About Florian Hopf

Florian is working as a freelance software developer and consultant in Karlsruhe, Germany. The main focus of his work is information retrieval with Lucene, Solr and Elasticsearch. He is one of the organizers of the Java User Group in Karlsruhe.

Prefix and Suffix Matches in Solr

Search engines are all about looking up strings. The user enters a query term that is then retrieved from the inverted index. Sometimes a user is looking for a value that is only a substring of values in the index and the user might be interested in those matches as well. This is especially important for languages like German that contain compound words like Semmelknödel where Knödel means dumpling and Semmel specializes the kind.

Wildcards

For demoing the approaches I am using a very simple schema. Documents consist of a text field and an id. The configuration as well as a unit test is also vailable on Github.

<fields>
    <field name="id" type="string" indexed="true" stored="true" required="true" multiValued="false" />
    <field name="text" type="text_general" indexed="true" stored="false"/>
</fields>
<uniqueKey>id</uniqueKey>
<types>
    <fieldType name="string" class="solr.StrField" sortMissingLast="true" />

    <fieldType name="text_general" class="solr.TextField" positionIncrementGap="100">
        <analyzer>
            <tokenizer class="solr.StandardTokenizerFactory"/>
            <filter class="solr.LowerCaseFilterFactory"/>
        </analyzer>
    </fieldType>
</types>

One approach that is quite popular when doing prefix or suffix matches is to use wildcards when querying. This can be done programmatically but you need to take care that any user input is then escaped correctly. Suppose you have the term dumpling in the index and a user enters the term dump. If you want to make sure that the query term matches the document in the index you can just add a wildcard to the user query in the code of your application so the resulting query then would be dump*.

Generally you should be careful when doing too much magic like this: if a user is in fact looking for documents containing the word dump she might not be interested in documents containing dumpling. You need to decide for yourself if you would like to have only matches the user is interested in (precision) or show the user as many probable matches as possible (recall). This heavily depends on the use cases for your application.

You can increase the user experience a bit by boosting exact matches for your term. You need to create a more complicated query but this way documents containing an exact match will score higher:

dump^2 OR dump*

When creating a query like this you should also take care that the user can’t add terms that will make the query invalid. The SolrJ method escapeQueryChars of the class ClientUtils can be used to escape the user input.
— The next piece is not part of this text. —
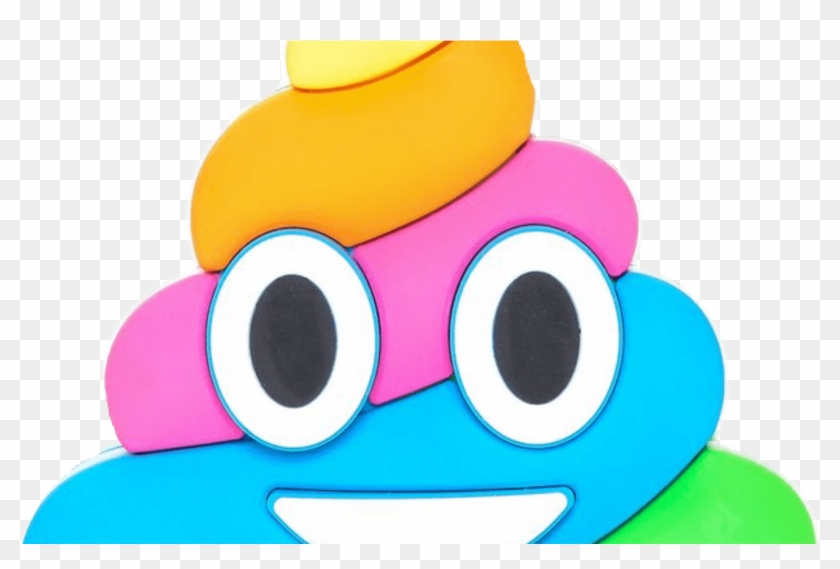 15 Rainbow Poop Emoji Png For Free Download On Mbtskoudsalg - 15 Rainbow Poop Emoji Png For Free Download On Mbtskoudsalg #1755568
If you are now taking suffix matches into account the query can get quite complicated and creating a query like this on the client side is not for everyone. Depending on your application another approach can be the better solution: You can create another field containing NGrams during indexing.

Prefix Matches with NGrams

NGrams are substrings of your indexed terms that you can put in an additional field. Those substrings can then be used for lookups so there is no need for any wildcards. Using the (e)dismax handler you can automatically set a boost on your field that is used for exact matches so you get the same behaviour we have seen above.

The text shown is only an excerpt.